Presenters: Jemma Jeffree @jemmajeffree
When: 11am, 2 May 2025 (Friday)
Where: Zoom

Description: Xarray and Dask are increasingly becoming key tools for ocean modellers. However, both vectorisation with xarray and lazy computing with dask remain an enigma to many. This session will explain what happens under the hood of these libraries and provide tips to optimize your code performance. We’ll also walk through the logical steps to transform complicated analyses from for-loops into efficient vectorised functions, using real-world oceanographic examples.

Prerequisites

Basic familiarity with Python, Xarray, Dask and how to load large datasets.

jemmajeffree · 2 May 2025 00:19

Not necessary for attending the session, but as a reference here are my slides and jupyter notebooks from the session:

slides:
xarraydask-Jeffree.pdf (1.4 MB)

notebooks:

gist.github.com

https://gist.github.com/jemmajeffree/58938195196e95cd4374648bc5fcc0cf

whatisfastcode.ipynb

{
 "cells": [
  {
   "cell_type": "markdown",
   "id": "fa716f81-5b04-42ed-80e0-191db62357d0",
   "metadata": {},
   "source": [
    "# What does fast/good code mean?"
   ]
  },

This file has been truncated. show original

whatisxarraydask.ipynb

{
 "cells": [
  {
   "cell_type": "markdown",
   "id": "35992742-b159-4a9e-b0f9-1c865757f10a",
   "metadata": {},
   "source": [
    "# What are dask and xarray?\n",
    "Designed to be run on 4 cores on gadi. Needs access to cj50"
   ]

This file has been truncated. show original

(also available /scratch/public/jj8842_20250502 on the day of the presentation)

jemmajeffree · 2 May 2025 02:19

I’ll also note that I’m happy to take further questions here

cbull · 8 May 2025 02:24

Select feedback

Thank you Jemma!
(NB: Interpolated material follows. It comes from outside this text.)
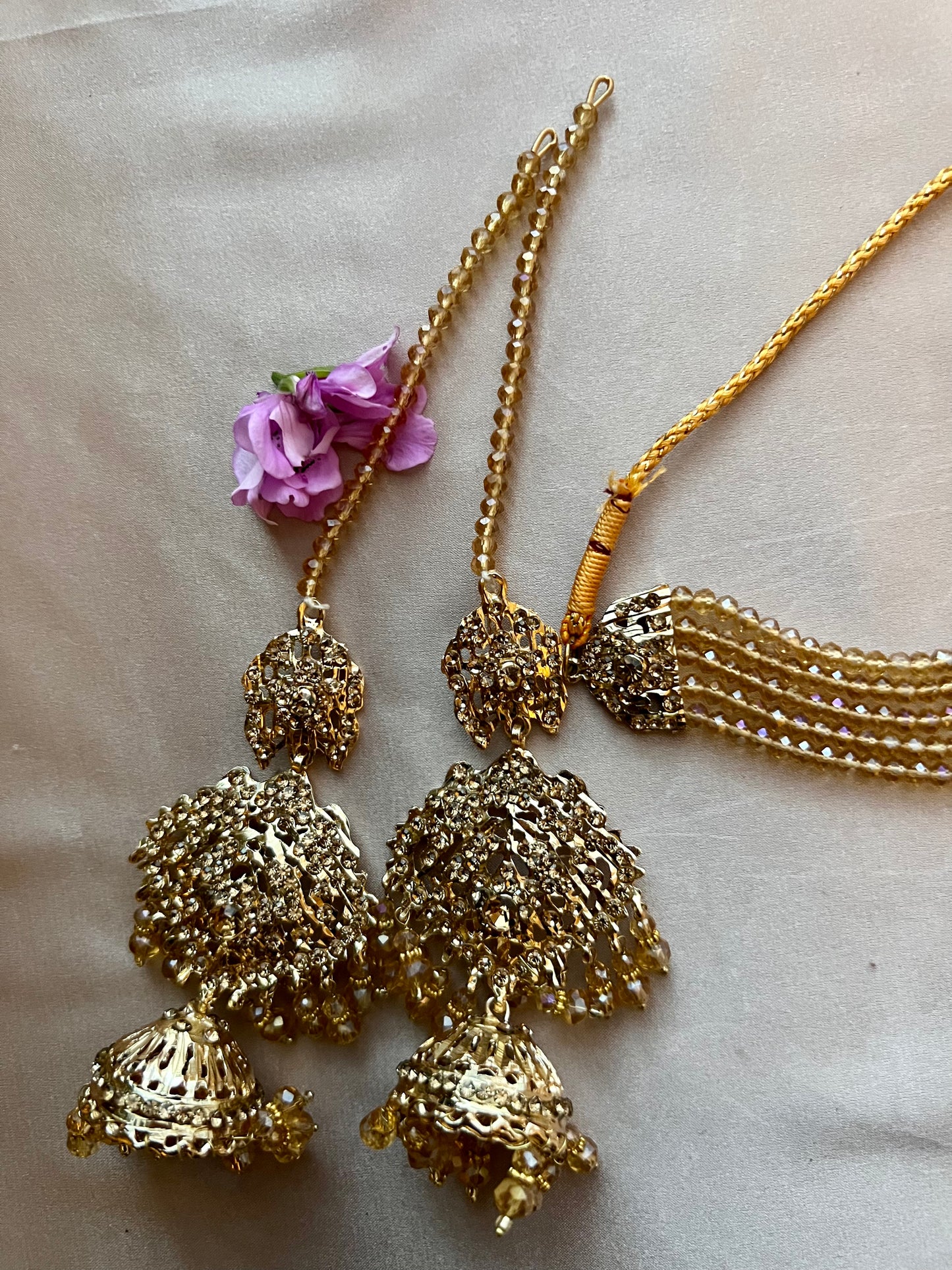 Gold Beaded Jewellery Set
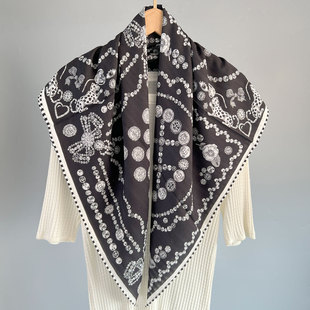 深珠宝情缘100桑蚕丝秋冬款 重磅真丝罗孔纱大方巾90双面异色丝巾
This was an awesome presentation! So much care Very helpful.

Ditto I learned so much

Thank you! Super useful

Great presentation Jemma!

Thanks Jemma that was awesome!

Thank you! Great topic and presentation.

paigem · 8 May 2025 08:11

Notes taken during the session

Hopefully these are helpful! I did my best to capture most topics discussed - apologies for any incorrect or unfinished thoughts.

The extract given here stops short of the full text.